■ PROBLEM TO WORK ON
Could the lines from the start of the data through the line with "Teleskopický repro-stojan Hercules SS700B" be set down exactly, with no pictures among them?

■ RECORDS PROVIDED

------------------------

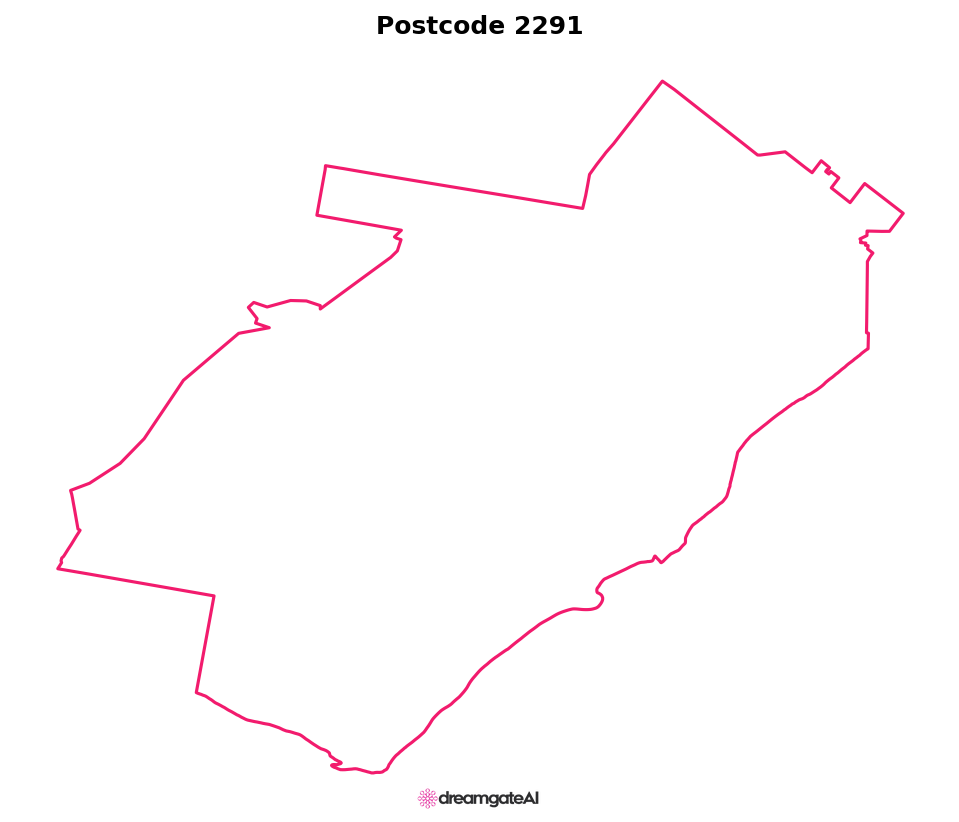 Postcode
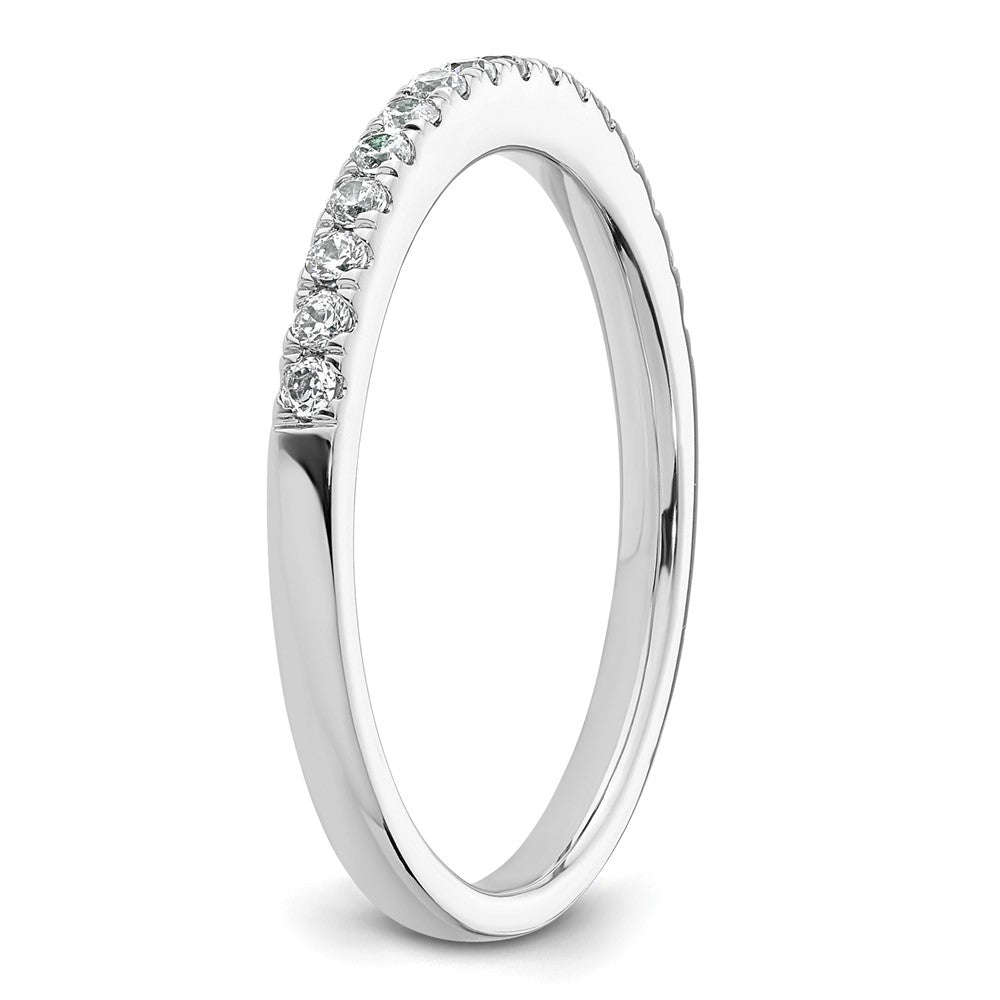 Diamond Wedding Bands
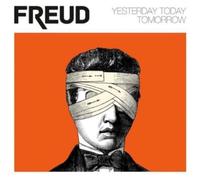 Freud Yesterday Today Tomorrow (Vinyl LP)
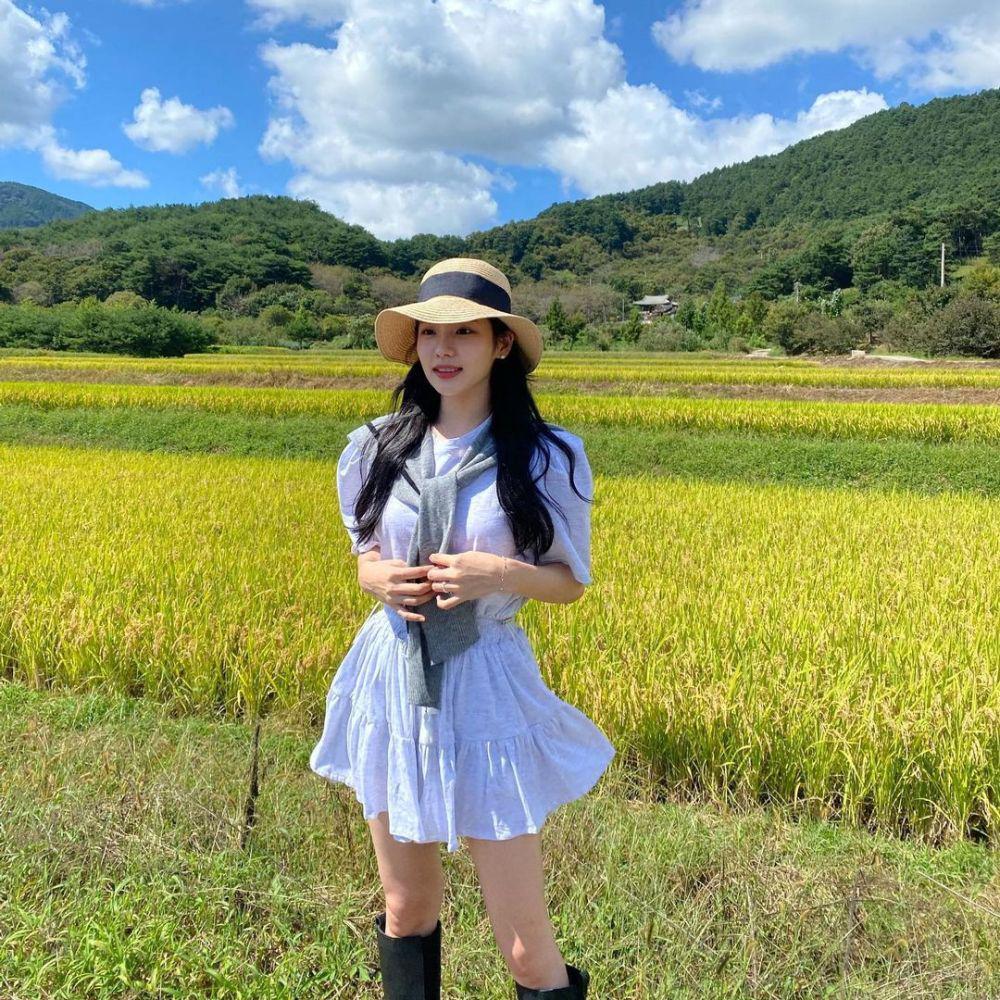 Jo A Ram (instagram.com/i_joaram)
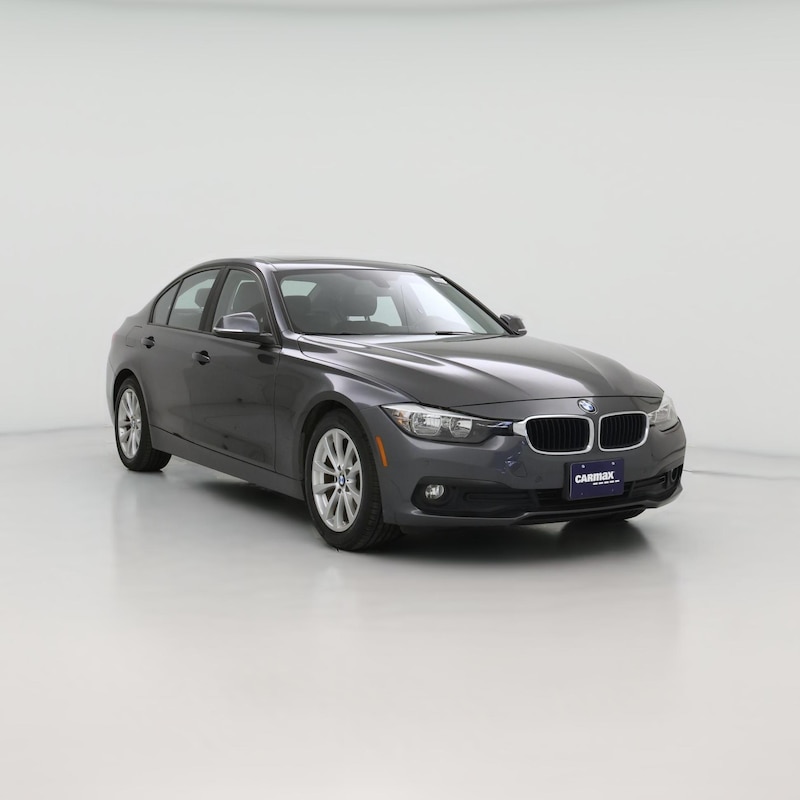 2016 BMW 320 XI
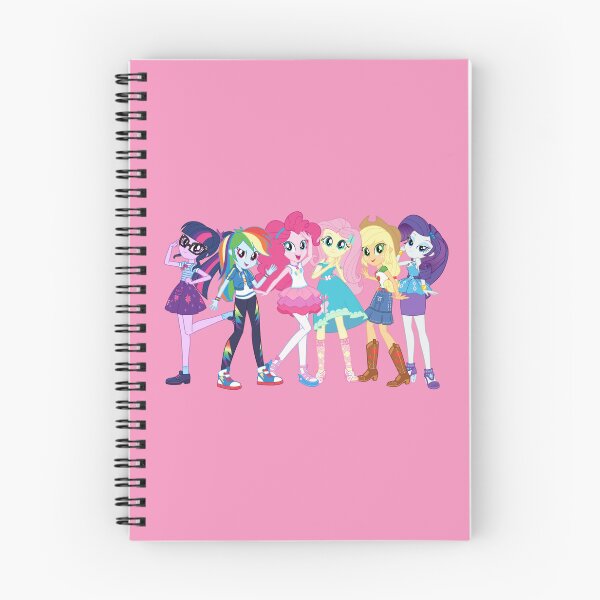 Item preview, Equestria Girls; Pink designed and sold by Marco Bottiglieri.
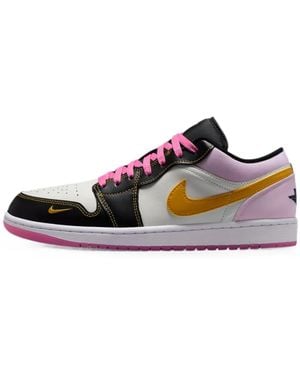 Nike 1 Low Se Sneakers - White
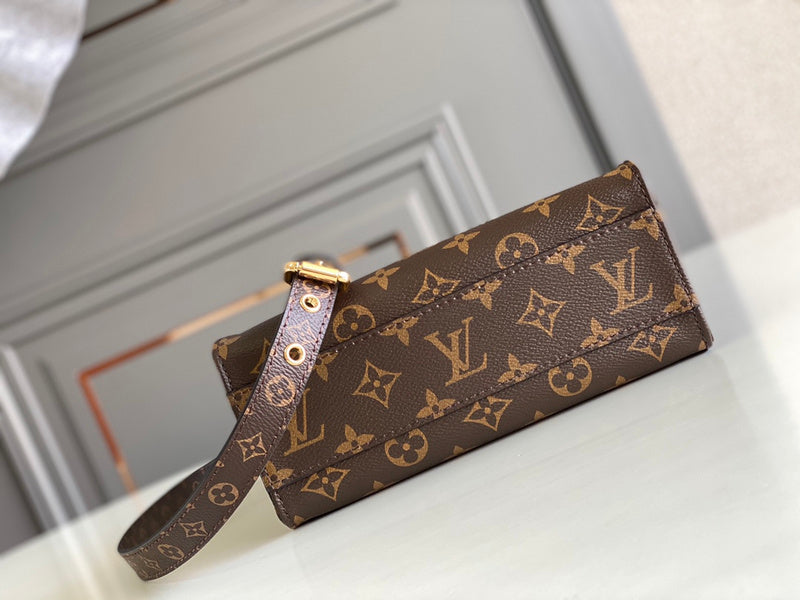 Glami Fashion Lu-Vi Bags - 16977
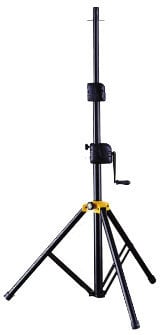 Teleskopický repro-stojan Hercules SS700B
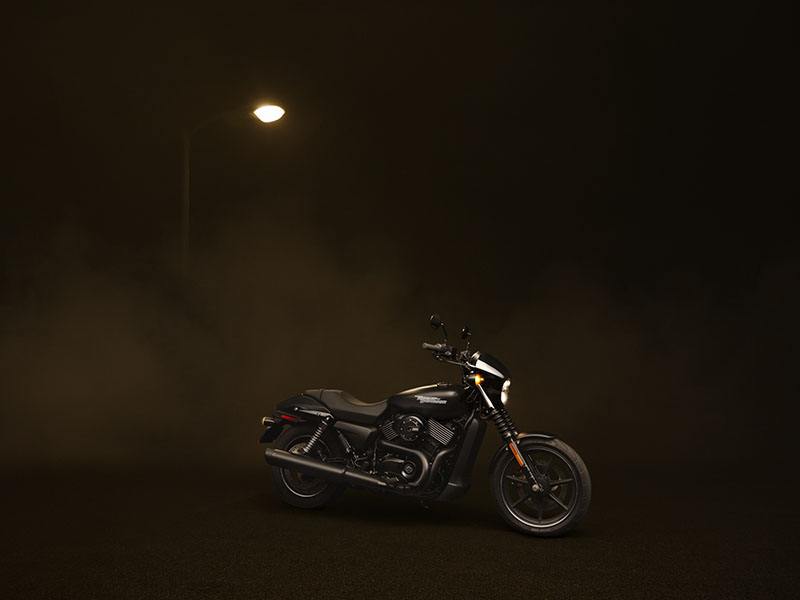 2020 Harley-Davidson Street® 750 in Salt Lake City, Utah - Photo 7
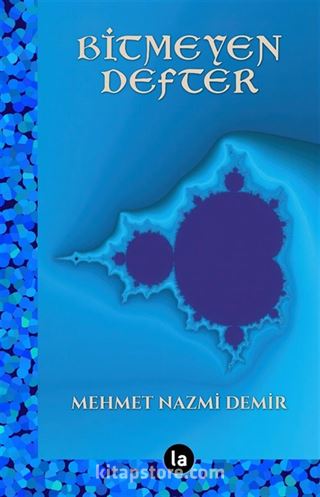 Bitmeyen Defter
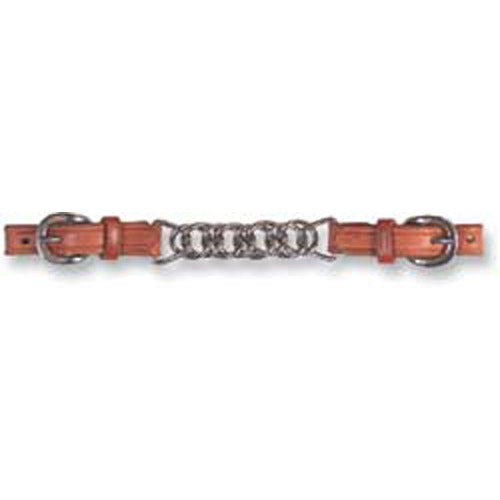 Martin Saddlery Five Link Curb Chain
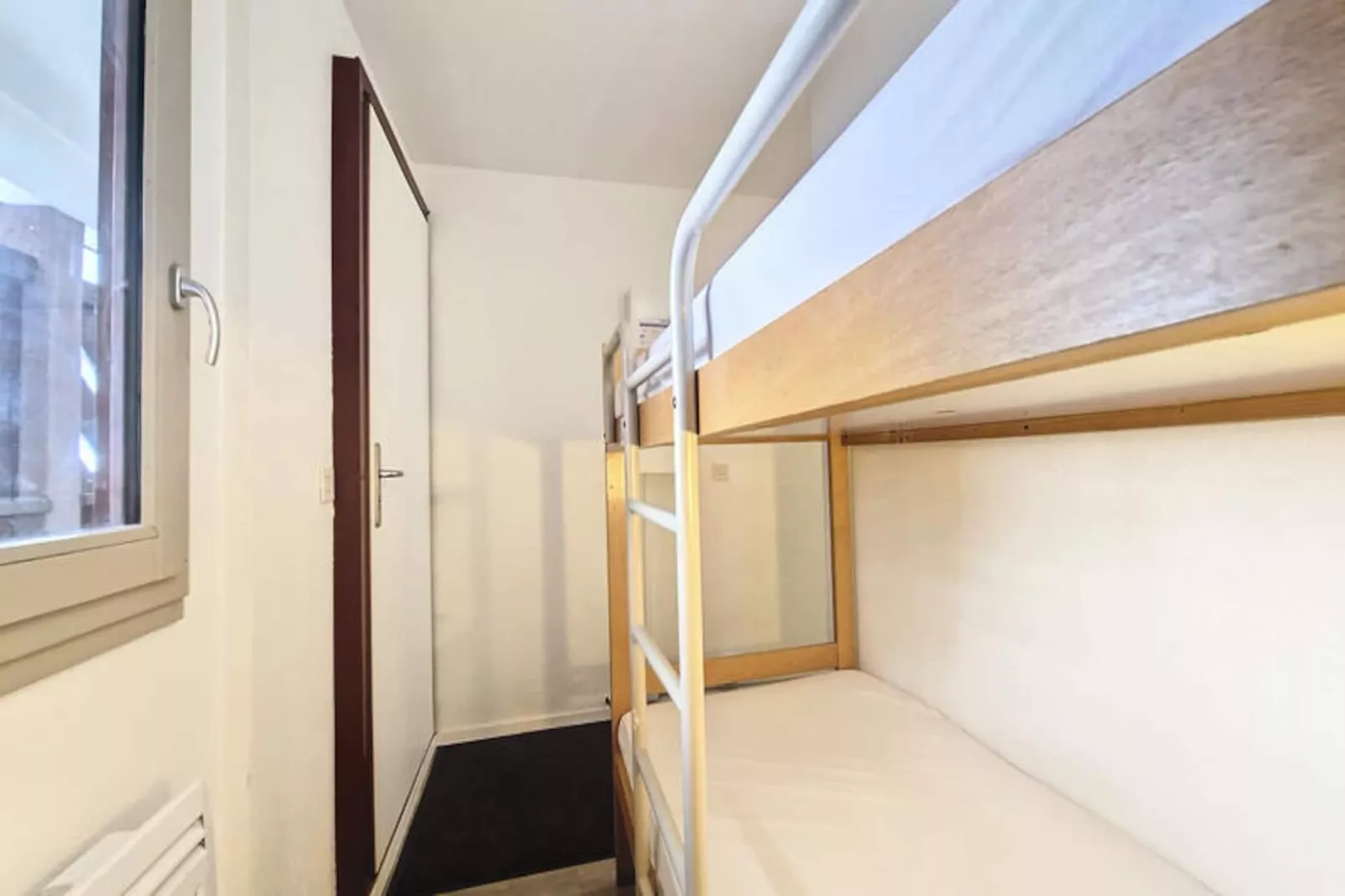 Résidence Pierre Et Vacances La Daille-Untagged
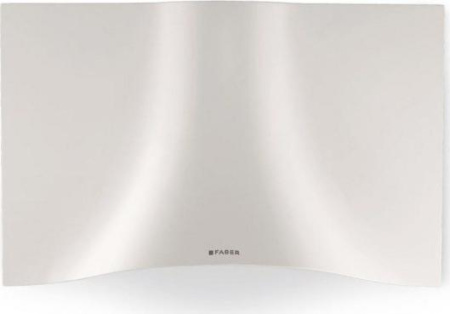 Кухонная вытяжка Faber Veil WH Matt A90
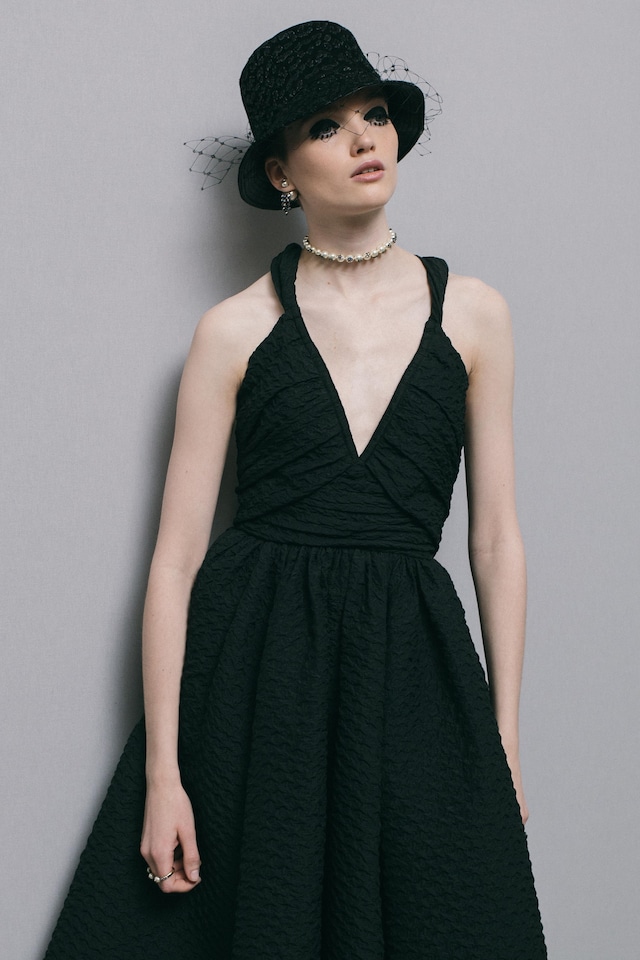 Christian Dior AW19 PFW Paris Fashion Week Ruth Bell 20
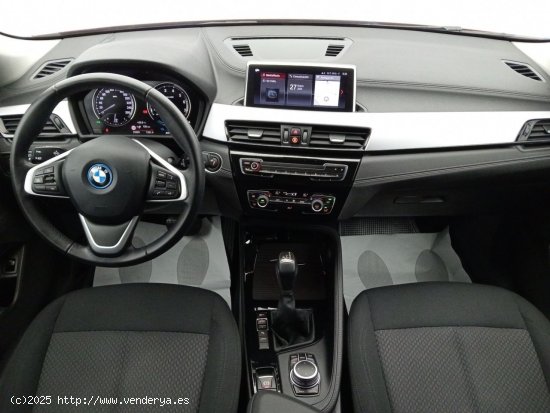 BMW X2 xDrive25e Auto - Telde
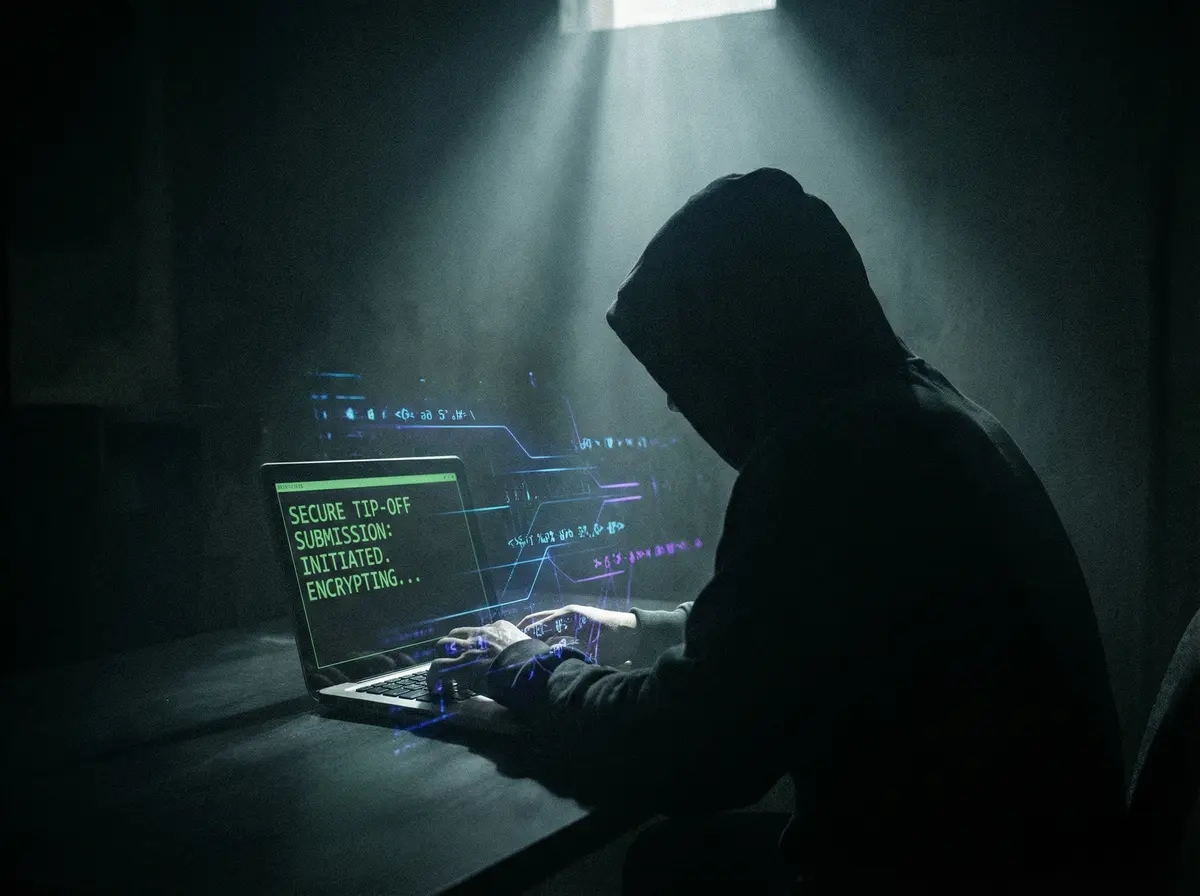 爆料台 - 吃瓜视频 匿名爆料平台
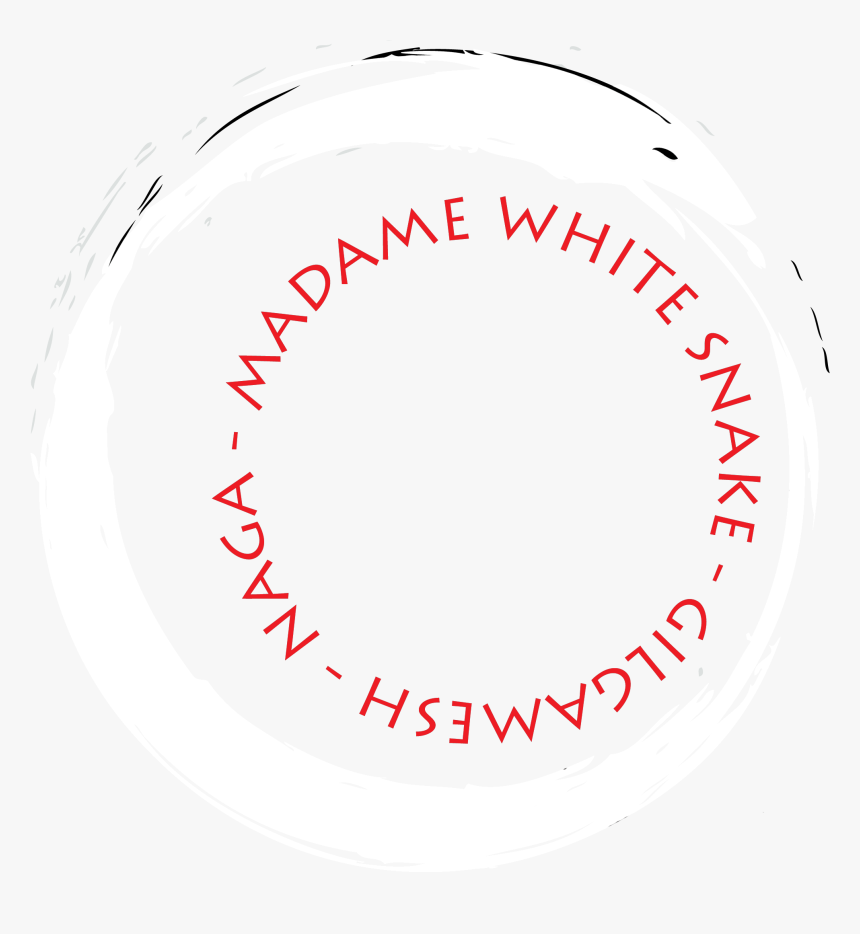 Ouroboros Trilogy - Circle, HD Png Download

------------------------

■ RESPONSE TO THIS TASK
 Postcode
 Diamond Wedding Bands
 Freud Yesterday Today Tomorrow (Vinyl LP)
 Jo A Ram (instagram.com/i_joaram)
 2016 BMW 320 XI
 Item preview, Equestria Girls; Pink designed and sold by Marco Bottiglieri.
 Nike 1 Low Se Sneakers - White
 Glami Fashion Lu-Vi Bags - 16977
 Teleskopický repro-stojan Hercules SS700B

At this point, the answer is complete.